*PROBLEM*.
Could you filter the records below and keep only the lines with the word "Gold"?

*** RECORDS FOR THIS TASK

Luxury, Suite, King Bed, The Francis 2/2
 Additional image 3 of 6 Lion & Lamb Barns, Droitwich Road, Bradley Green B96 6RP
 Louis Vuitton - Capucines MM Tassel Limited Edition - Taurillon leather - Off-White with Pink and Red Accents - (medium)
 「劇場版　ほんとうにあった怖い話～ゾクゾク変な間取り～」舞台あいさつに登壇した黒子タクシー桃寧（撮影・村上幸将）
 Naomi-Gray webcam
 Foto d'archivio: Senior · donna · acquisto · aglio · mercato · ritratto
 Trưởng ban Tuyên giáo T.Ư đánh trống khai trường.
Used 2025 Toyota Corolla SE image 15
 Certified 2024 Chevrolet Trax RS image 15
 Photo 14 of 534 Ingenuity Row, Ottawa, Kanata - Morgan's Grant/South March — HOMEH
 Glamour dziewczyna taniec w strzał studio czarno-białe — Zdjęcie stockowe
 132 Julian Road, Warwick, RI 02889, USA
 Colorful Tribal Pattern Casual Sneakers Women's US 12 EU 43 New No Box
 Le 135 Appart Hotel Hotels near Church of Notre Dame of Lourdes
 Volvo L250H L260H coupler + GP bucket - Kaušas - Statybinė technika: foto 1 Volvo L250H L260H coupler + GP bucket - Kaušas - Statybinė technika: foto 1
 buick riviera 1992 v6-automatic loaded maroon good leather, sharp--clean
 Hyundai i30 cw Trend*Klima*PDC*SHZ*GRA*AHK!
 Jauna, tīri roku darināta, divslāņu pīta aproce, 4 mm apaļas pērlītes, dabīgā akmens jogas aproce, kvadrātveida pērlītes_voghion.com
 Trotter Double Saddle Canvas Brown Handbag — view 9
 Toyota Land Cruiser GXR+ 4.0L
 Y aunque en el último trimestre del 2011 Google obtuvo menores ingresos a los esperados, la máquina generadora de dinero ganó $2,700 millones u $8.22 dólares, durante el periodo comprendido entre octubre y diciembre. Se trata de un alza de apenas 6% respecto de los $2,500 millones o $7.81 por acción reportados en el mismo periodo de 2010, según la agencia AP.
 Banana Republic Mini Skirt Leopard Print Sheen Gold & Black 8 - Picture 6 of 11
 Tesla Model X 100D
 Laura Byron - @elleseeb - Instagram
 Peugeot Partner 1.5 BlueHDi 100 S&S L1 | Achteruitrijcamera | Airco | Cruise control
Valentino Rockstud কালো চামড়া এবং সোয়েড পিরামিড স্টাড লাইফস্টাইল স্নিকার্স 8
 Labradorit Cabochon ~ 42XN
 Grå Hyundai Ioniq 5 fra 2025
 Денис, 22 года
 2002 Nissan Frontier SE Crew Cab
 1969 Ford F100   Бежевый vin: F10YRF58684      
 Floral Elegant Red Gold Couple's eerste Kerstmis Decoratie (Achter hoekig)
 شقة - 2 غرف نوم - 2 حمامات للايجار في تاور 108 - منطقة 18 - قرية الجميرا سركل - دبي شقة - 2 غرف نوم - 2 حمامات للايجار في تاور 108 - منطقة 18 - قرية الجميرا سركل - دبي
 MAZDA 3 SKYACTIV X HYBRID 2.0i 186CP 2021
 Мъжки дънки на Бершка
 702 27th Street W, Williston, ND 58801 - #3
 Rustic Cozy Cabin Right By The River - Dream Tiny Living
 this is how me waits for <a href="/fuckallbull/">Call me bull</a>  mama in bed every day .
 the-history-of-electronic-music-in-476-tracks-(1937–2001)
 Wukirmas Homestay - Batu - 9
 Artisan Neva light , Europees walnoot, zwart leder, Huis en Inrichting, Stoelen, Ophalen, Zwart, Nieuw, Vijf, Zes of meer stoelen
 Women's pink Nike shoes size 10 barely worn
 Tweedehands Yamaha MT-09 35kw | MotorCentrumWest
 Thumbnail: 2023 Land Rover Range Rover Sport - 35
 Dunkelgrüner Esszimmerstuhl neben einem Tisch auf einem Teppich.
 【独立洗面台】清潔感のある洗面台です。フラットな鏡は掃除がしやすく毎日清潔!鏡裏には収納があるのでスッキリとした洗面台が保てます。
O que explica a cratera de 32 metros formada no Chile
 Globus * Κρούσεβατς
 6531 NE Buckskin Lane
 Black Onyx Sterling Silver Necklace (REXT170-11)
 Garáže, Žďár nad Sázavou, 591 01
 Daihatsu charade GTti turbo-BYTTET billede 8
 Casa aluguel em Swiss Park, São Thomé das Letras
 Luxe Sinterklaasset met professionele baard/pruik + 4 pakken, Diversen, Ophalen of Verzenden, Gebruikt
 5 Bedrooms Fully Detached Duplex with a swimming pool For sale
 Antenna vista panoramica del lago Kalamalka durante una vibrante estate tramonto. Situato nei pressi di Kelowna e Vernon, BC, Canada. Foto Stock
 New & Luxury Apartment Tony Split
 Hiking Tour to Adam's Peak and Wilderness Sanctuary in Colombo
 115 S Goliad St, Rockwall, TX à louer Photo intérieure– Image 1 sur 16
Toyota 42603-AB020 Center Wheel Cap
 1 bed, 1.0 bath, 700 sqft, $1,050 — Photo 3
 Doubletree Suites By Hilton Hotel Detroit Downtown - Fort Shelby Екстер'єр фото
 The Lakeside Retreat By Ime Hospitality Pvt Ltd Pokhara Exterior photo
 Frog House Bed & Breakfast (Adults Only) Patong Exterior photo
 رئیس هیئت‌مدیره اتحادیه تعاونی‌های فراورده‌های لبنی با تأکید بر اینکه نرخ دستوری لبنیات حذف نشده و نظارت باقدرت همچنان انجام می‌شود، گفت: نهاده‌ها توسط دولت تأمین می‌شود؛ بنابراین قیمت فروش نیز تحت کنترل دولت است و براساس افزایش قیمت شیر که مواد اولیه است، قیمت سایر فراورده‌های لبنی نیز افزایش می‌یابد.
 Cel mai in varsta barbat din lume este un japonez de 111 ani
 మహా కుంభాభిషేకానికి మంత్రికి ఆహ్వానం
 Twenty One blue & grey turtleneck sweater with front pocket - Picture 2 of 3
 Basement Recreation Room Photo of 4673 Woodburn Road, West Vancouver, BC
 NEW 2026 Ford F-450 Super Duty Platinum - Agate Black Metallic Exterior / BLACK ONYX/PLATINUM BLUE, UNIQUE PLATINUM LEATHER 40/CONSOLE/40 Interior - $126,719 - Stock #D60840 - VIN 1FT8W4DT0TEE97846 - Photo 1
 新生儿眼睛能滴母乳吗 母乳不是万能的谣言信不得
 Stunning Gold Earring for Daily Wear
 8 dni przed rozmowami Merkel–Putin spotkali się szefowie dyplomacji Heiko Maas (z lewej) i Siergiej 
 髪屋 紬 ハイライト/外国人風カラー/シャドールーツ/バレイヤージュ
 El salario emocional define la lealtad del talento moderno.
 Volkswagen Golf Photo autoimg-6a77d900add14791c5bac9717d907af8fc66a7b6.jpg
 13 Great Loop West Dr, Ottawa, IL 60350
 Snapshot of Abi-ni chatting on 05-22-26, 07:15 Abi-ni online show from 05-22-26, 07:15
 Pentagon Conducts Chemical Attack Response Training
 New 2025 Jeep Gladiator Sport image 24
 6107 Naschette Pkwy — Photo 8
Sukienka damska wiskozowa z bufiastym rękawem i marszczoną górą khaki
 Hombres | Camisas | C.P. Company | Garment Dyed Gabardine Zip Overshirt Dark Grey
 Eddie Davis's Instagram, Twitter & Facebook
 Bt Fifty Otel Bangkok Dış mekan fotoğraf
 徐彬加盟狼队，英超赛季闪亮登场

******

*RESULT*.
 Banana Republic Mini Skirt Leopard Print Sheen Gold & Black 8 - Picture 6 of 11
 Floral Elegant Red Gold Couple's eerste Kerstmis Decoratie (Achter hoekig)
 Stunning Gold Earring for Daily Wear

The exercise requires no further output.